Durante o dia de hoje, os bancários da base de BH e Região realizaram um ato público às 11h30 em frente agência do Bradesco, na avenida Afonso Pena com rua Tupinambás e às 15 horas, em assembleia na sede do Sindicato, deliberaram pela continuidade do movimento por tempo indeterminado. Amanhã, terça-feira, dia 4, às 11h30, os bancários realizam nova assembleia em frente o prédio do Banco do Brasil, na rua Rio de Janeiro, 750, no centro da Capital, para decidir sobre os rumos da greve.

O movimento é forte em todo o país e na base de BH e Região a greve se ampliou e já atinge 85% de agências e centros administrativos de bancos públicos e privados na Capital e no interior do estado de Minas Gerais. Nacionalmente, a greve nacional também cresceu nesta segunda-feira e atingiu todos os 26 estados e o Distrito Federal, com a adesão dos funcionários de Roraima. A categoria paralisou 7.950 agências e centros administrativos de bancos públicos e privados. O balanço foi feito pela Contraf-CUT, a partir dos dados enviados pelos sindicatos até as 18h30 de hoje.

Os bancários entraram em greve por tempo indeterminado após a quinta rodada de negociações com a Fenaban, ocorrida dia 23 de setembro, em São Paulo. Os trabalhadores rejeitaram a proposta de reajuste de 8% sobre os salários. Os bancários reivindicam reajuste de 12,8% (5% de aumento real), valorização do piso, maior Participação nos Lucros e Resultados (PLR), mais contratações, fim da rotatividade, melhoria do atendimento aos clientes, fim das metas abusivas e do assédio moral, mais segurança e igualdade de oportunidades.

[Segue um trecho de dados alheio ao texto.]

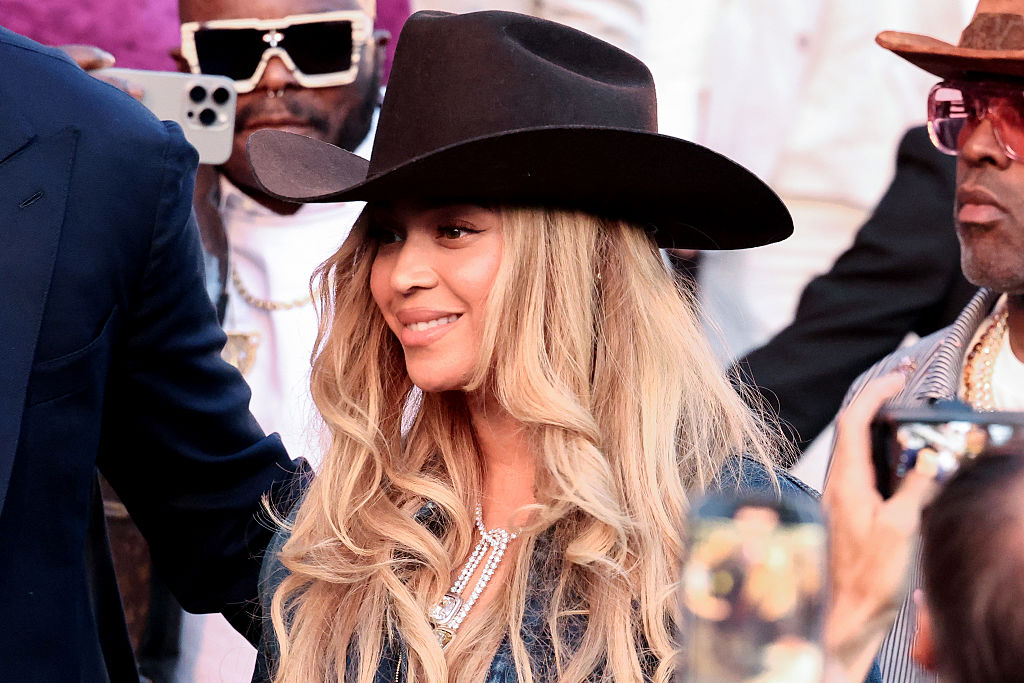 Beyoncé Sparks Act III & Met Gala Speculation With Post Beyoncé Sparks Act III & Met Gala Speculation With Post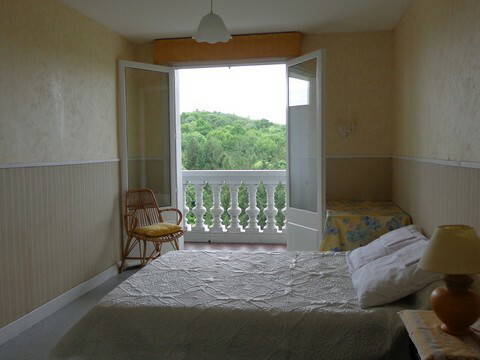 Entire Home Capvern 40159-1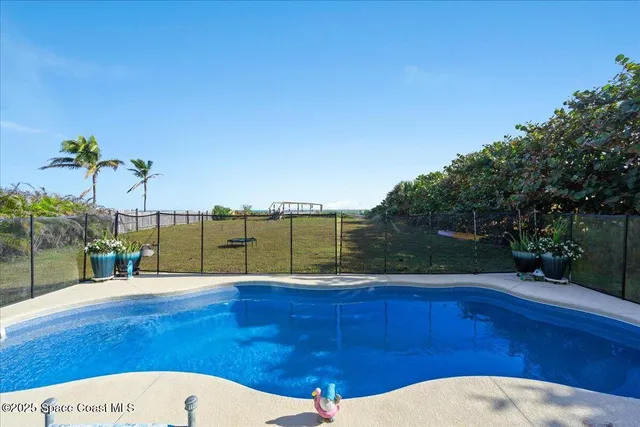 $2,289,000 | 6015 South Hwy A1A, Melbourne Beach, FL 32951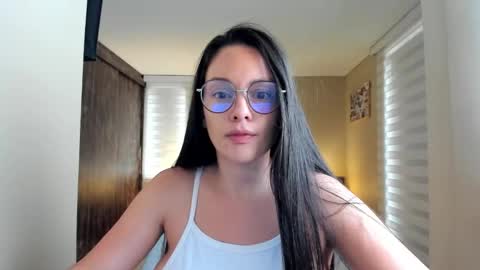 Snapshot of anabel_25 chatting on 01.28.25 Anabel online show from 01.28.25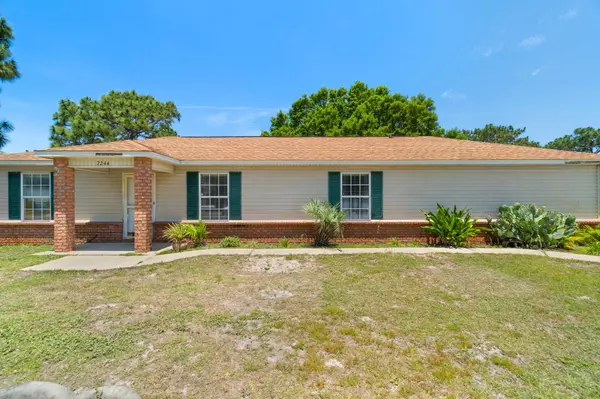 7244 Frankfort Street, Navarre, FL 32566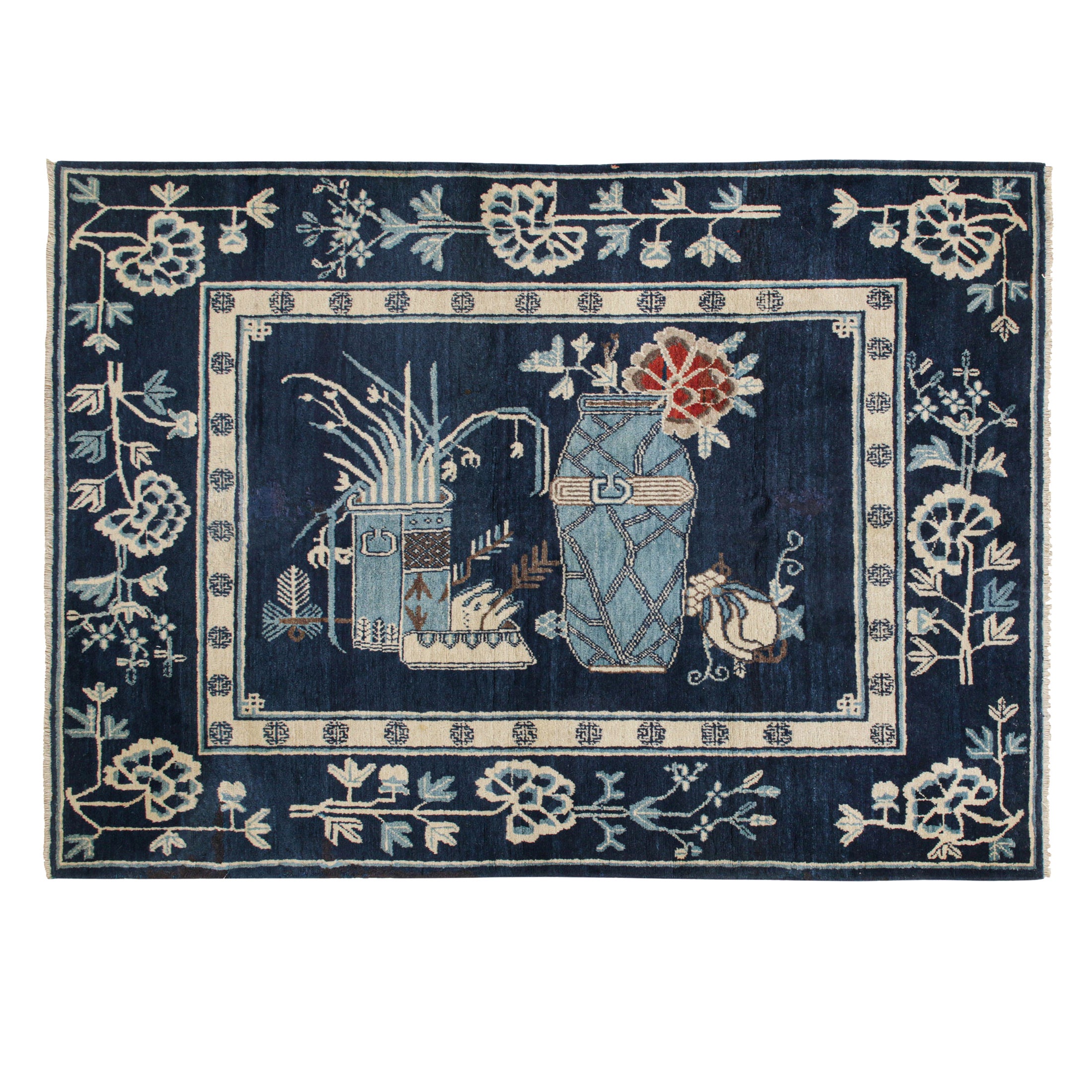 Antiker chinesischer Art-Déco-Teppich in Marineblau mit malerischem Muster, aus Teppich und Kelim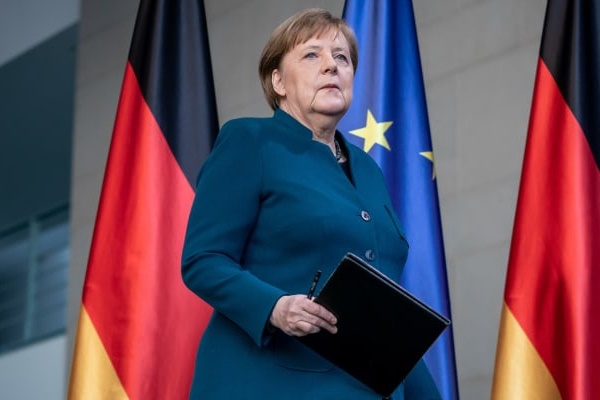 Ca mổ đặc biệt tại khu cách ly của Bệnh viện Bệnh Nhiệt đới Trung ương-2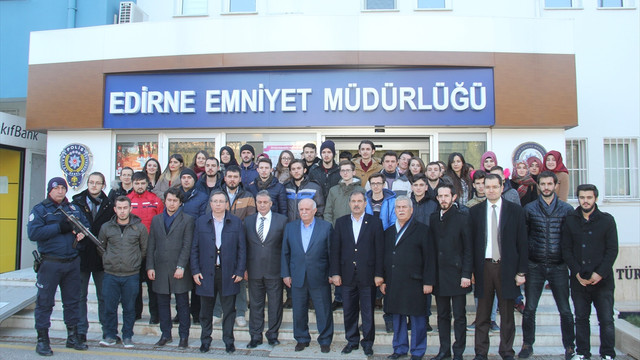 Yabancı öğrencilerden teröre tepki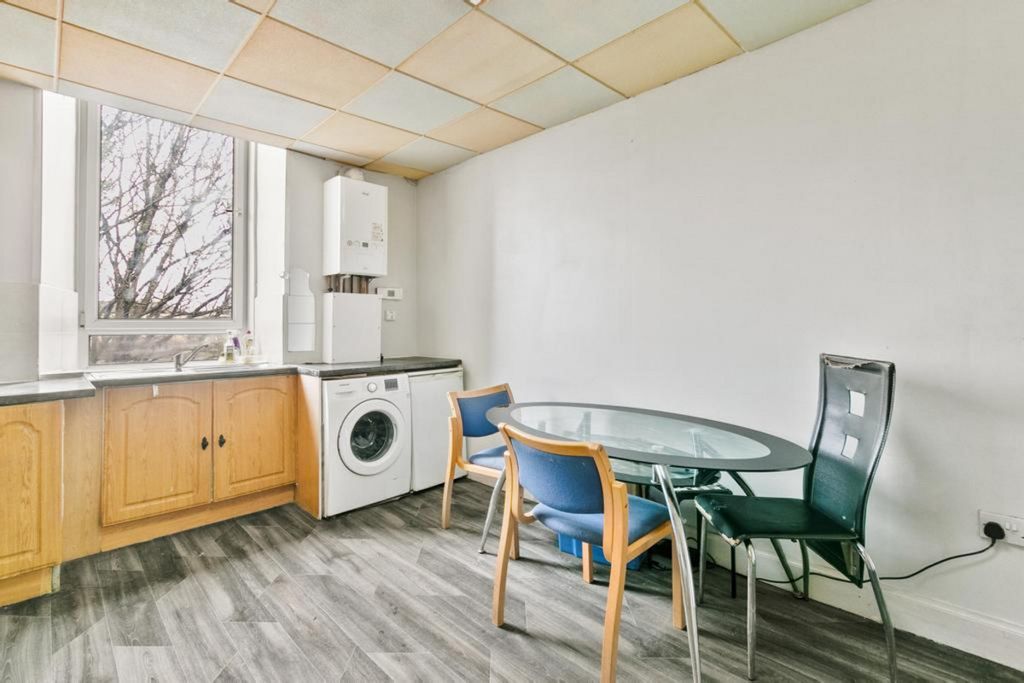 Additional image 6 of 3 bed flat for salePaisley Road West, Cessnock G51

O presidente do Sindicato, Cardoso, ressaltou a disposição do Comando Nacional dos Bancários que sempre apostou no diálogo e na negociação para resolver o impasse. “Ao contrário do que é afirmado no site da Fenaban e em outros veículos de comunicação, são os bancos que resistem em apresentar uma proposta digna para a categoria. Nós do Comando Nacional estamos dispostos a negociar e para isso ficamos de plantão todo o dia de hoje, mas os representantes dos bancos não fizeram nenhum aceno nesta direção. Por isso, vamos intensificar ainda mais a mobilização para pressionar os banqueiros a retomarem as negociações e apresentar uma proposta digna para a categoria”, afirmou.